January 31 -- February 3, 1938
Aiken visits IBM's Endicott Laboratory and meets with Clair Lake and Frank Hamilton. Aiken wants to discuss "the possibilities of designing a machine of a very complex nature for solving equations pertaining to the ionosphere to work on television and also equations pertaining to astronomy."* Four functions of adding, subtracting, multiplying and dividing are discussed, with more complicated functions, such as logarithms, sines, tangents and interpolation to be discussed later. Aiken suggests that tape be used for control of machine.
Also discussed are means for storing constants. Hamilton suggests use of the ITR cross-connecting program panel but that is abandoned because excessive time is required to change set-up between problems. Hamilton then suggests use of rotary switches because they can be readily changed and easily read. This idea is adopted and employed in the ASCC.

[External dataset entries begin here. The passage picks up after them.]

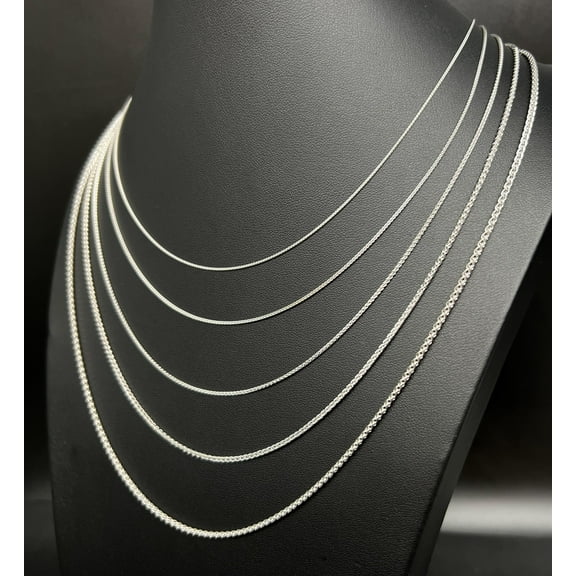 14K SOLID White Gold  Wheat Chain Necklace, 14k Solid Gold 0.9mm - 2.1mm Wheat Chain ,14k Men and Women Wheat Chain, 14k Solid Gold Necklace (Necklace Width:0.9 MM; Necklace length:18;)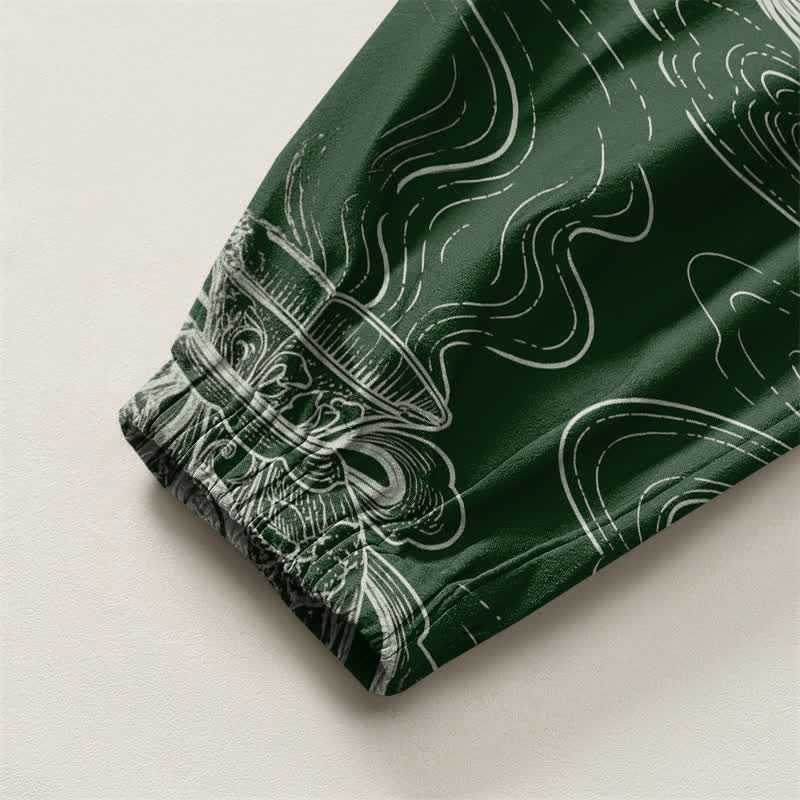 Buddha Stones Pure Cotton Auspicious Cloud Coin Script Pattern Drawstring Men's Harem Pants With Pockets - image 4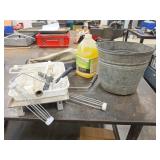 Painting Tools, pail, tray, cleaning
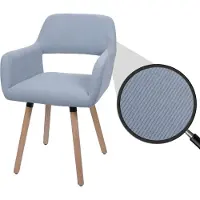 Mendler Esszimmerstuhl HWC-A50 II, Stuhl Küchenstuhl Polsterstuhl, Holz Stoff/Textil Cord (400g/m²) hellgrau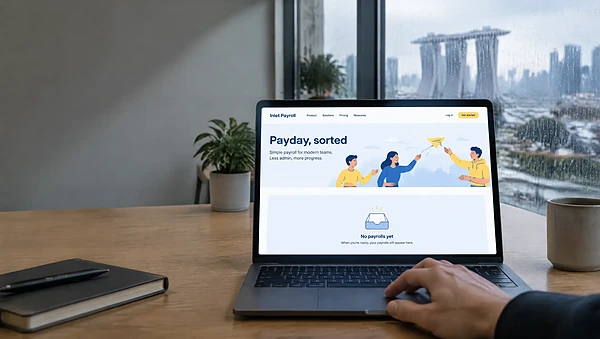Laptop showing a payroll website with friendly hero illustrations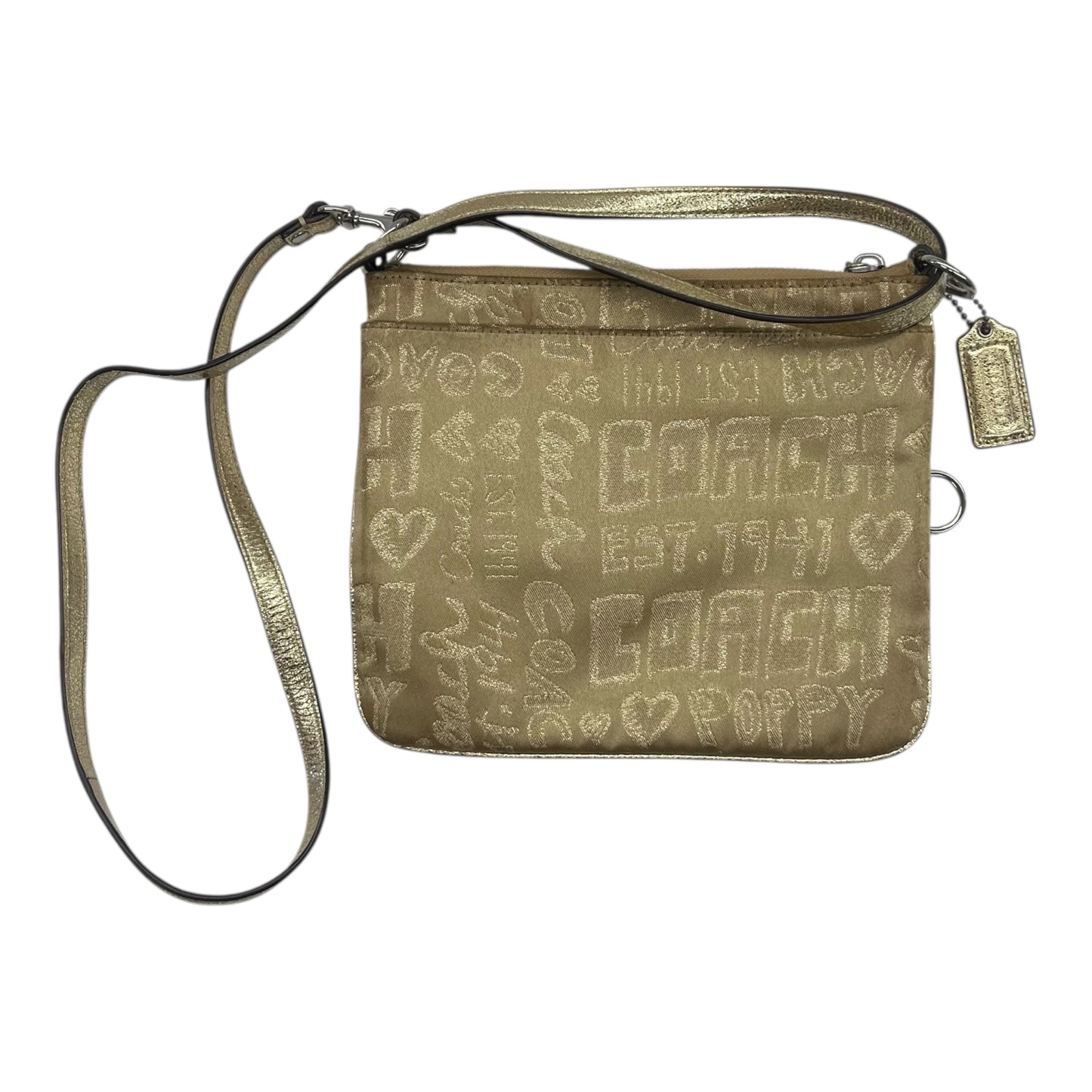 Crossbody Designer By Coach In Gold, Size:Medium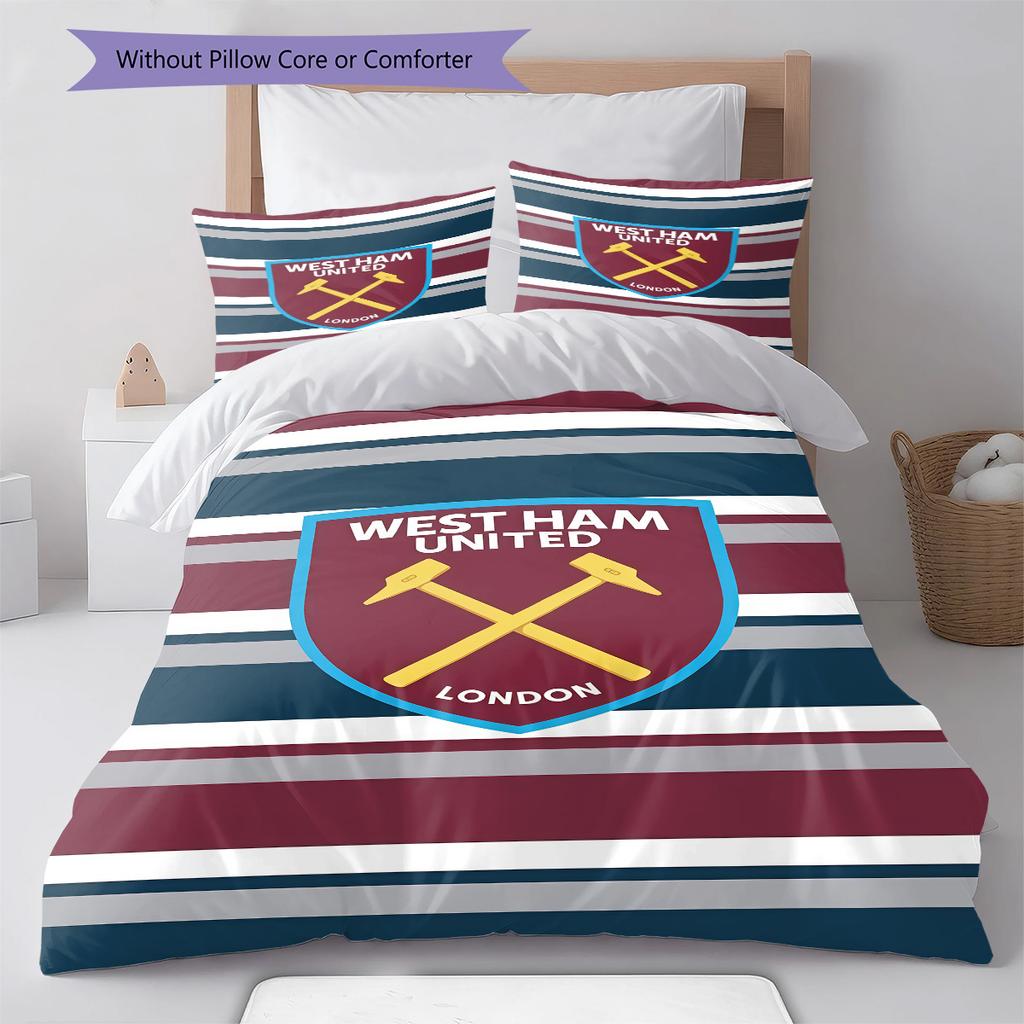 WHUFC Logo Bedding Quilt Set Quilt Cover Pillowcase Home Decoration Birthday Gift (1 * Duvet Cover + 2 * Pillowcase, Without Core)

Aiken suggests the possibility of dividing by multiplication of the reciprocals of the divisor, with the reciprocals obtained by a mathematical process called "iteration." Hamilton and Lake believe this method requires too many machine cycles and favor instead Bryce's method, which is adopted and employed in the ASCC.
February 7, 1938
Aiken writes to Hamilton with notes from the four-day meeting. Among the features outlined in the notes are the use of tape to control the machine, and a decision made by Hamilton and Benjamin Durfee that "all adding counters, switches, card feeds, etc., be connected to a single bus of 24 columns for purposes of transferring values. This decision reduced the amount of connections and wiring in the machine to a very great extent."*
The notes contain suggestions that photocells be used to sense the code punching in the control tape and that teletype tape be considered. (Lake and Hamilton decide instead that the tape to be used would be IBM card stock and that the value of the perforations would be sensed by contact fingers, both of which are incorporated into the machine.)
The notes refer to the control of the algebraic sign of products and quotients. The participants agree that this will be indicated by the presence or absence of a "9" in the highest order of the product or quotient counter. Subtraction is to be accomplished by the addition of complements. Aiken establishes the principle that all values throughout the solution of a problem should have the decimal point in the same position. Hamilton and Durfee design a means for attaining this principle in the machine circuit.
February 17, 1938
Hamilton indicates "the total number of permutations which might be obtained by combinations of five holes. This was the nucleus of the final code punching although the final coding was on a basis of three groups of eight holes each."*
March 22, 1938
Bryce asks Lake if sufficient information is on hand to provide for an appropriation to begin work on the machine.
March 23, 1938
W. Wallace McDowell** informs Bryce that cost estimates are impossible pending preparation of actual wiring diagrams. He states that IBM's understanding with Aiken is that IBM "would furnish all standard units required, such as counters, relays, switches, etc. and that the mounting of these standard units and the design of the circuits employing their use would be done by Mr. Aiken."*
(The estimated cost of the special equipment to be supplied to Harvard on the basis of the original understanding is estimated at approximately $15,000.)
April 27-28, 1938
Bryce, Lake and Hamilton meet. Bryce informs his colleagues that IBM has acquired a patent license allowing IBM to "alter the units position of a counter when balancing dependent upon certain conditions in the highest order of the counter."*
May 16, 1938
Bryce provides Hamilton with a tentative arrangement of the machine's panels and the approximate quantity of required counter positions. This serves as the basis for the preliminary layout.
May 19, 1938
A work order provides funds for a temporary layout showing the arrangement of the units on a panel of the machine.
August 17, 1938
Work begins on the layout of the panel arrangement.
September 12, 1938
The temporary layout is completed.
Sept. 26-28, 1938
Bryce, Lake and Hamilton estimate the cost of the machine to be$100,000.
* Extracts from an August 1944 internal IBM report.
** McDowell joined IBM in 1930, and after a brief sales career, was assigned to the Endicott plant as a designer in the engineering laboratory. He was one of the top advisors to Thomas J. Watson, Jr., on the development of the important IBM 701 computer. McDowell became an IBM vice president in July 1954.